Within and beyond the World Council of Churches (WCC) fellowship, young people are at the frontlines of strong movements. The Climate YES (or the Climate Youth Ecumenical Service) is a product of a strong vision of young people present at COP26 in Glasgow, UK.
Members come from different parts of the world and are climate activists. Another group, Young Environmental Group, started at the WCC Ecumenical Youth Gathering in Karlsruhe, Germany this year. A group of young climate activists came together to strategize the young people’s message to the assembly in relation to the climate emergency.
Young people are already several steps ahead. Ecumenical movements like Climate YES and the Youth Environmental Group sprung out from the need to stir up the church and society to proactively act and commit to real transformation towards God’s call to God’s people for “abundant life for all (of creation and the cosmos), John 10:10b.”
In the recently concluded WCC 11th Assembly in Karlsruhe, Germany, young people sparked a climate protest, demanding decision-makers to intentionally and proactively “Walk the Talk,” a call to urgent action to climate change.
The more than 400 young people at the assembly clearly spoke of some of their laments on the climate crisis:
“● We lament the degradation and destruction of mother nature, including the oceans, for profit and human consumption, and the persecution of environmental activists who speak up.
● We lament the influence of green washing in our Christian communities that instrumentalizes the issues of climate crisis for profit.
● We lament the use of green colonialism to land-grab ancestral domains of Indigenous peoples, such as the Sámi peoples and the Maasai peoples for new ‘green technologies.’” 2
The message is clear.
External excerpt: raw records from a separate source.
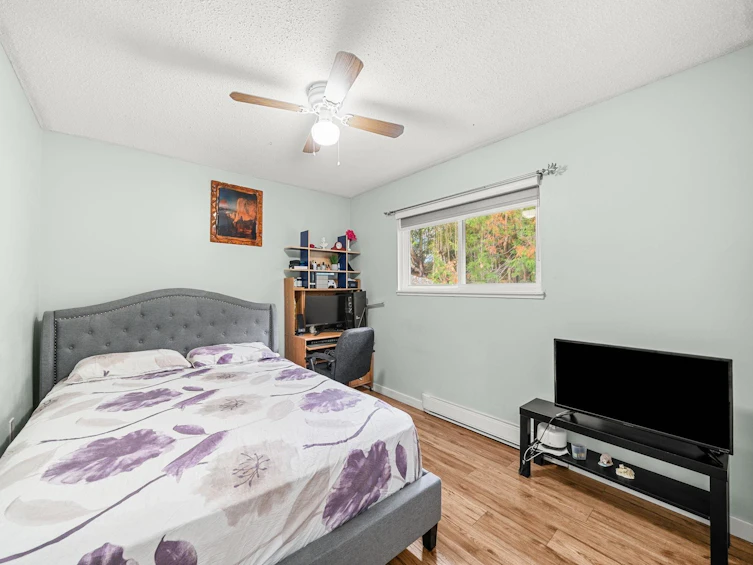 2725 Sandon Drive, Abbotsford, BC, V2S 7J3 - 17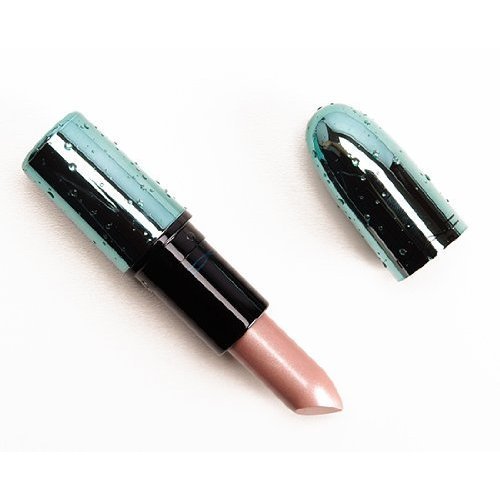 MAC Alluring Aquatic Lipstick PET ME PLEASE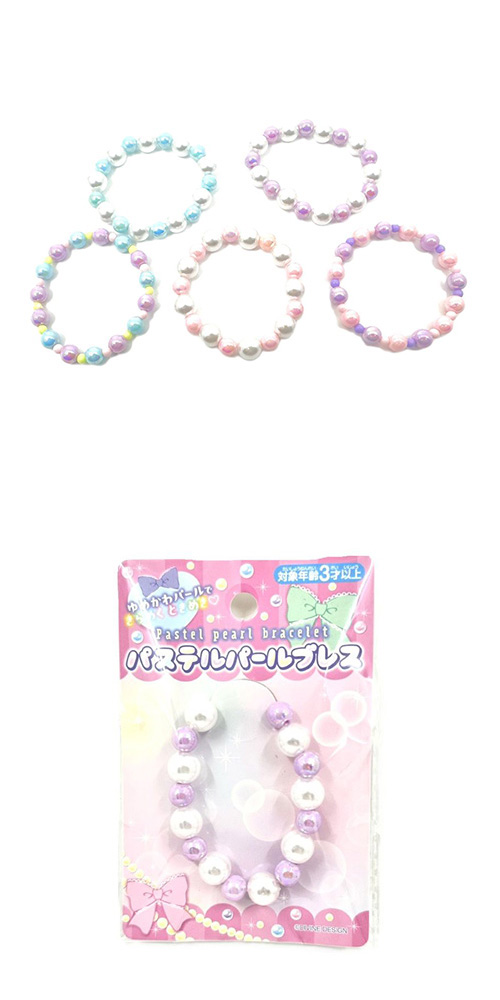 �ѥ��ƥ�ѡ���֥쥹��TKWOV71158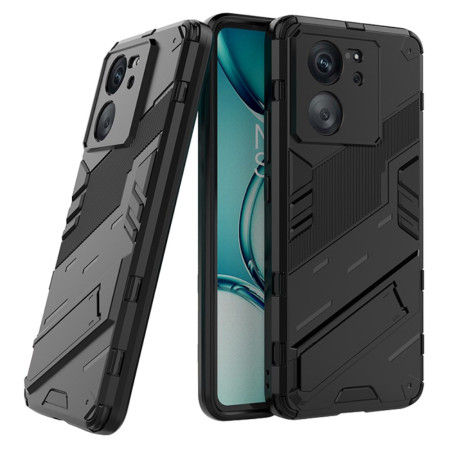 Xiaomi 13T / 13T Pro...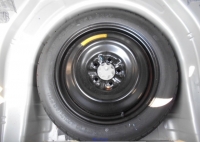 2009 Toyota Camry For Sale in London UK-bf508283_21-thumb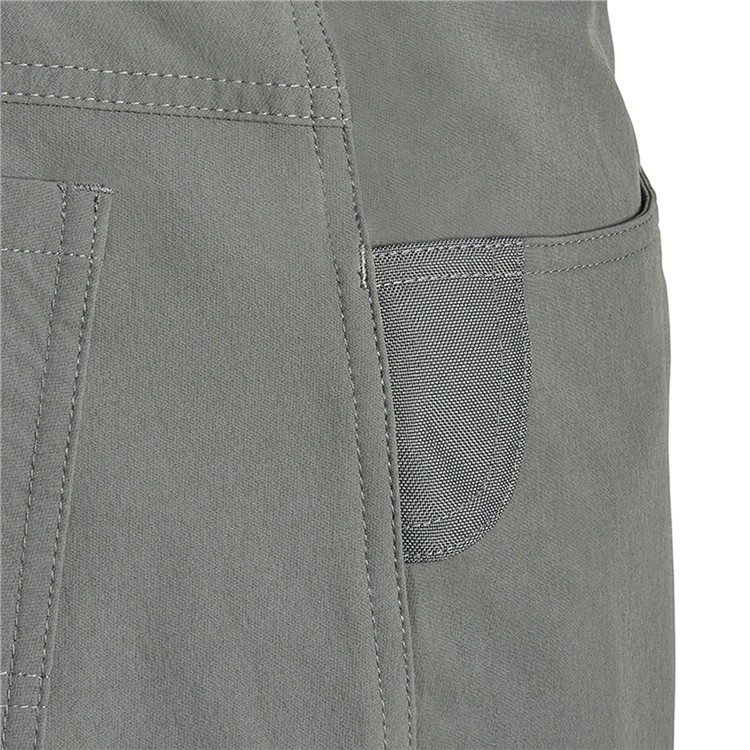 PNUMA Pathfinder Pants, Color: Gunmetal, Size: 34x34-img-6
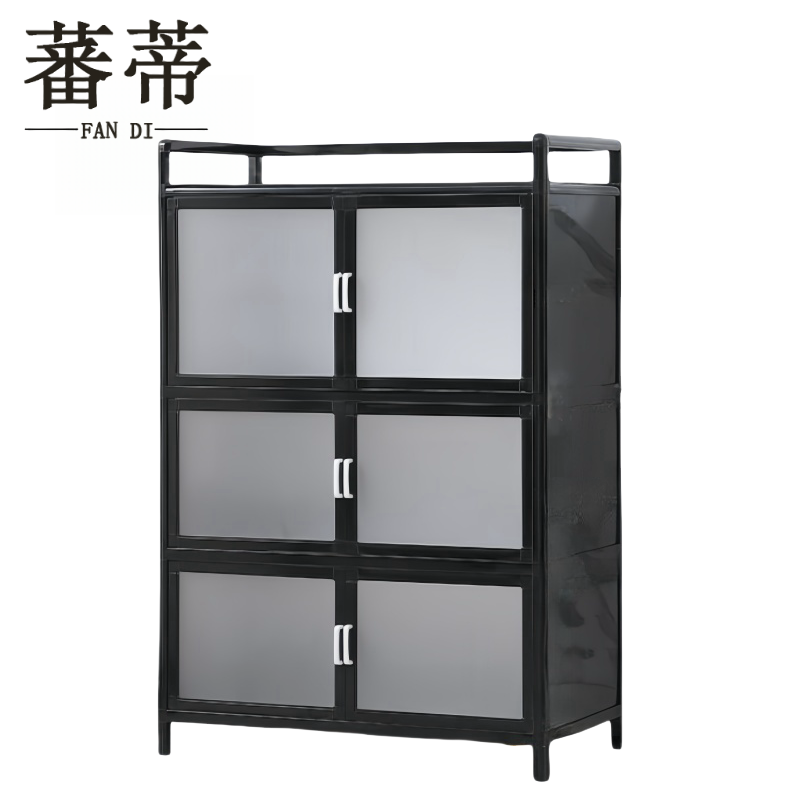 蕃蒂高清大图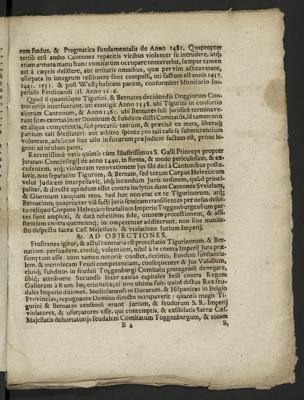 Pagina 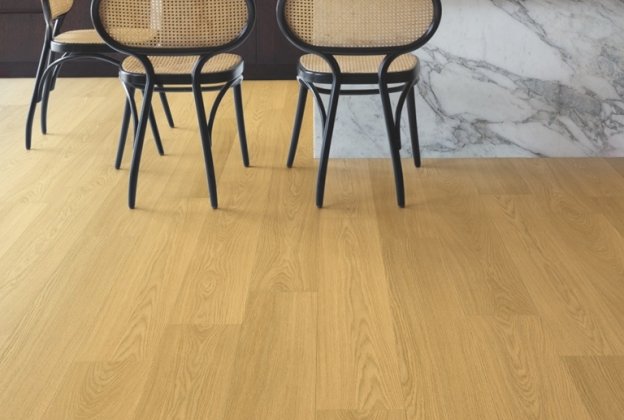 Laminaatparkett Capture 9mm, Natural varnished oak SIG4749 pruun_3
Young people are radically impatient of the slow response of the different sectors to the fast and changing climate conditions—for the worst.
Another clear “ask” from the young people at the WCC 11th Assembly was equal and fair representation of young people at the decision-making bodies. There is no way that the fellowship talks about the present and the future, without young people seated at the table.
As church and fellowship, we have to be reflective on our engagement with the young people. We often say that we accompany young people and provide a platform for them to speak and bring their concerns to us. However, if the accompaniment doesn’t equal to sharing the decision-making space or co-leadership, and the platform is not the decision-making table, then how is the church intentionally allowing herself to be inclusive of young people and the gifts they bring?
The call to being God’s good stewards of God’s creation is for all the generations to bear—towards a just and sustainable future for all. This is a responsibility not only for the younger generation, but also a conviction of accountability for older and other generations.
Young people can’t wait any longer. This is the church’s high time to engage herself with young people and renew her prophetic voice in the climate crisis today. And, at the same time, reflect a model of shared leadership and responsibility with young people in the decision-making spaces of the church and the fellowship.